* TASK DETAILS: Exclude pictures; retype the lines below from the line containing "Horse Color:Bay Sabino" through the end of the records, both ends kept.

━━━ DATASET EXTRACT

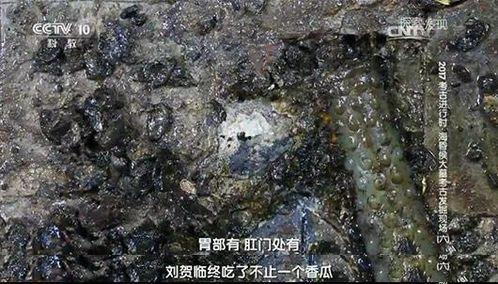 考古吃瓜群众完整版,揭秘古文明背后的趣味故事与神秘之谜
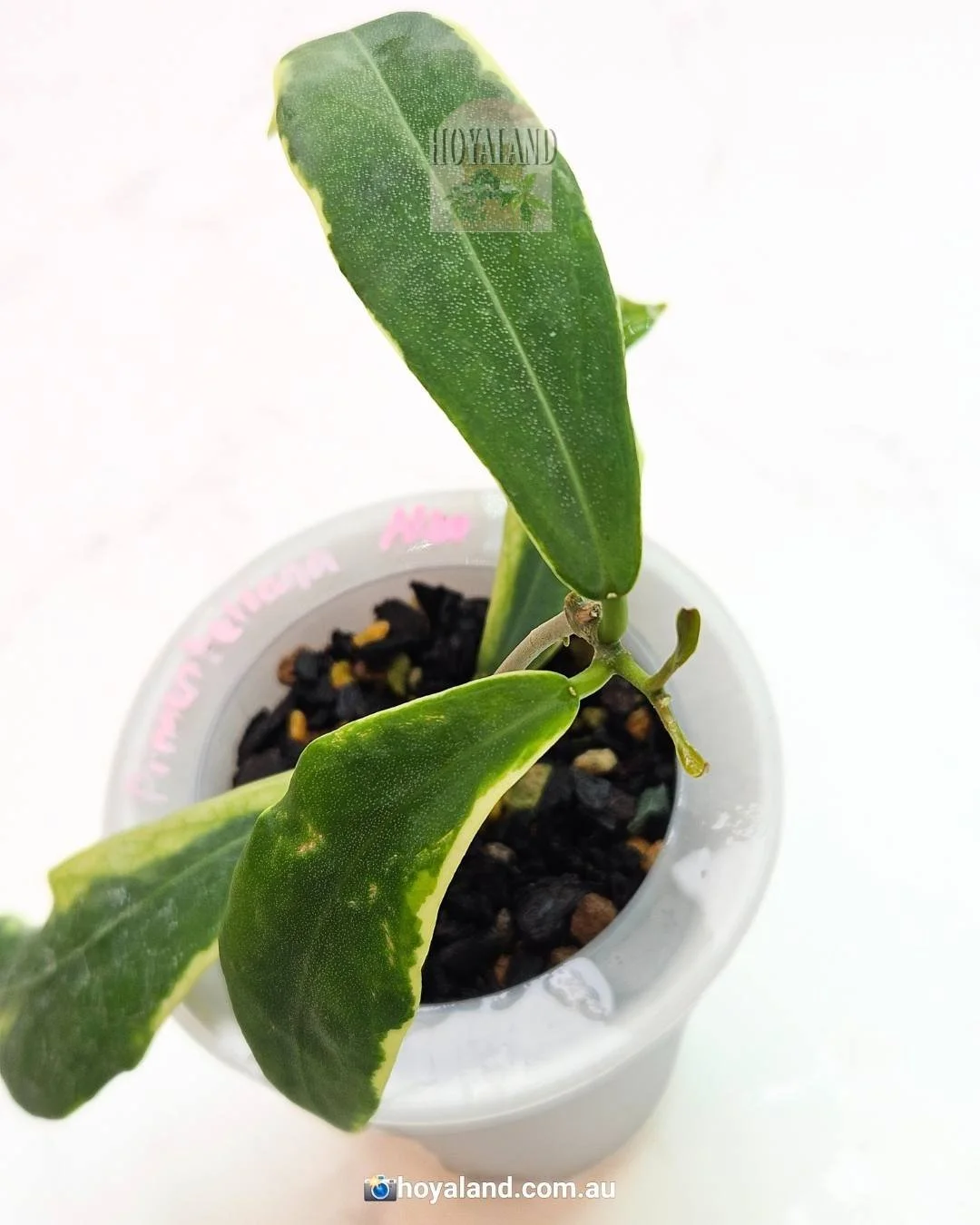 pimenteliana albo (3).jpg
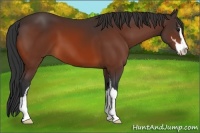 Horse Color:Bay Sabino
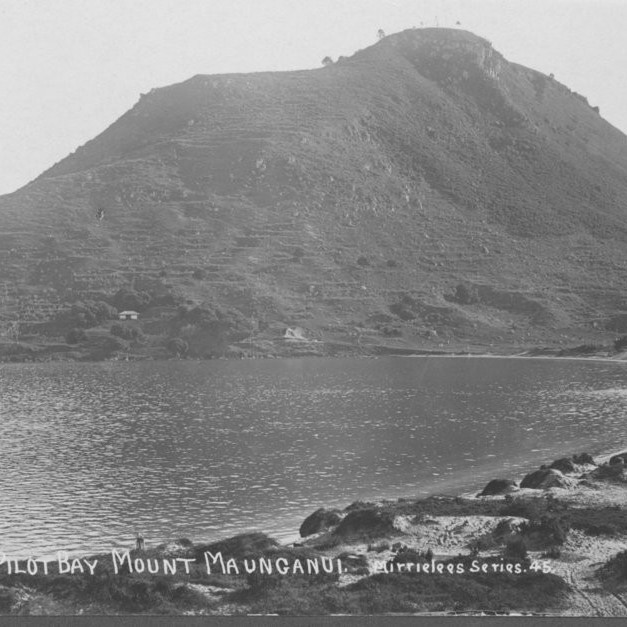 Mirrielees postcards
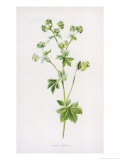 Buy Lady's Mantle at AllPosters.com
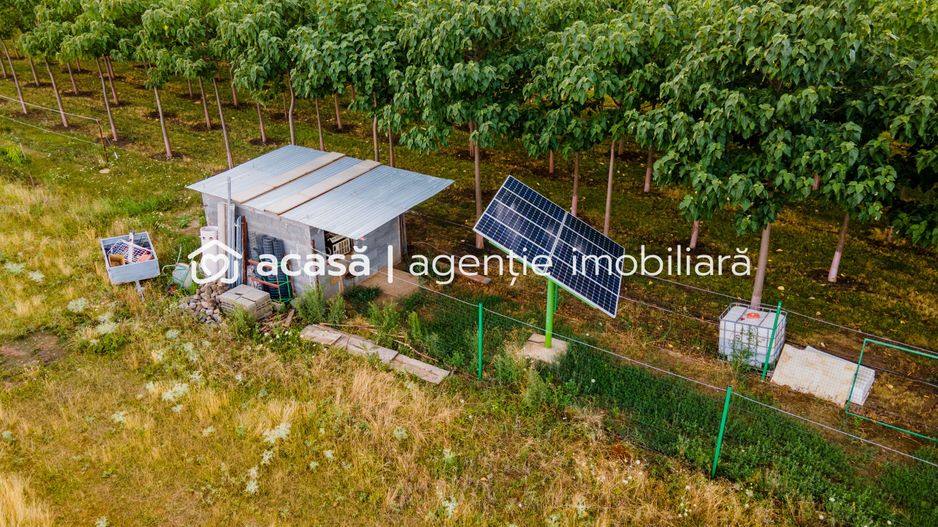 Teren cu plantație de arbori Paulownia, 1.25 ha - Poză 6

━━━━━━

* TASK ANSWER:
 Horse Color:Bay Sabino
 Mirrielees postcards
 Buy Lady's Mantle at AllPosters.com
 Teren cu plantație de arbori Paulownia, 1.25 ha - Poză 6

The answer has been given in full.